Captioned web images
::::
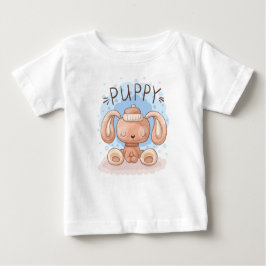 Söt Valp Baby T-Shirt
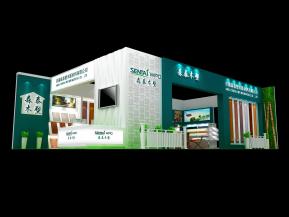 森泰木塑展览模型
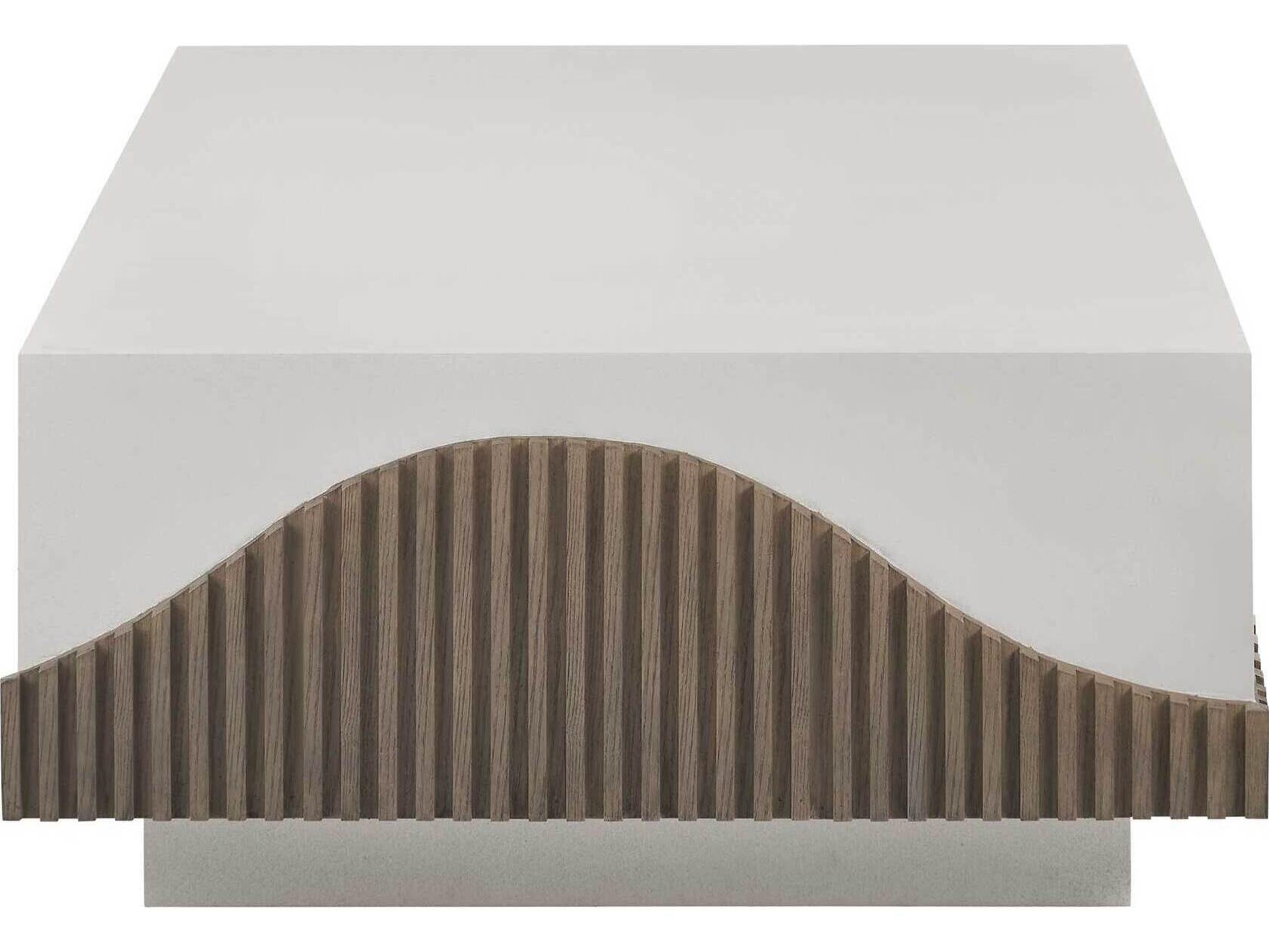 Seasonal Living Provenance Fiber Reinforced Polymer Limestone/Energy Tranquility Rectangular Outdoor Patio Coffee Table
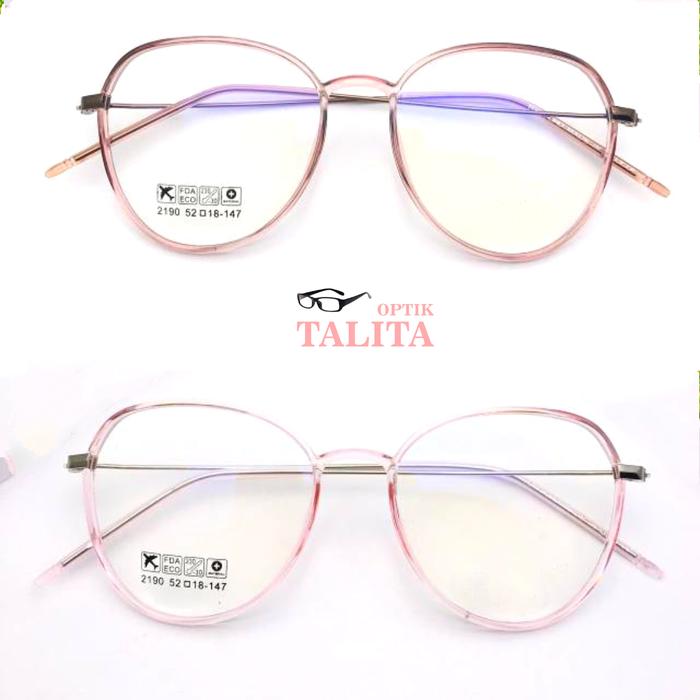 Gambar FRAME KACAMATA | KACAMATA MINUS PRIA WANITA T190 - Pink, FRAME SAJA dari OPTIKTALITA undefined Tokopedia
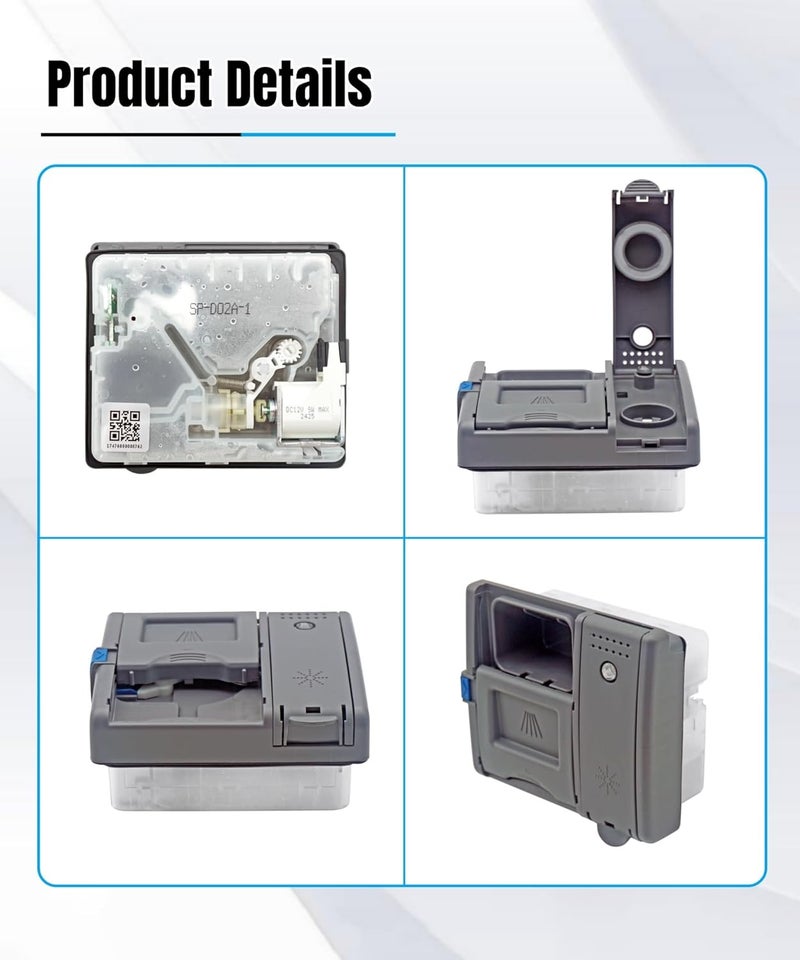 Maigoo DD81-02202A Dishwasher Rinse-Aid soap Dispenser Parts,DD81-02628A Detergent & Rinse Aid Dispenser Replacement for Samsung Dishwasher,DW80M2020US,DW80R2031US,DW80N3030US/UW/UB - Image 4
::::
*PROBLEM DETAILS:* Retype the records above exactly, and keep any picture out of what you write.

*RESULT FOR THIS TASK:*
 Söt Valp Baby T-Shirt
 森泰木塑展览模型
 Seasonal Living Provenance Fiber Reinforced Polymer Limestone/Energy Tranquility Rectangular Outdoor Patio Coffee Table
 Gambar FRAME KACAMATA | KACAMATA MINUS PRIA WANITA T190 - Pink, FRAME SAJA dari OPTIKTALITA undefined Tokopedia
 Maigoo DD81-02202A Dishwasher Rinse-Aid soap Dispenser Parts,DD81-02628A Detergent & Rinse Aid Dispenser Replacement for Samsung Dishwasher,DW80M2020US,DW80R2031US,DW80N3030US/UW/UB - Image 4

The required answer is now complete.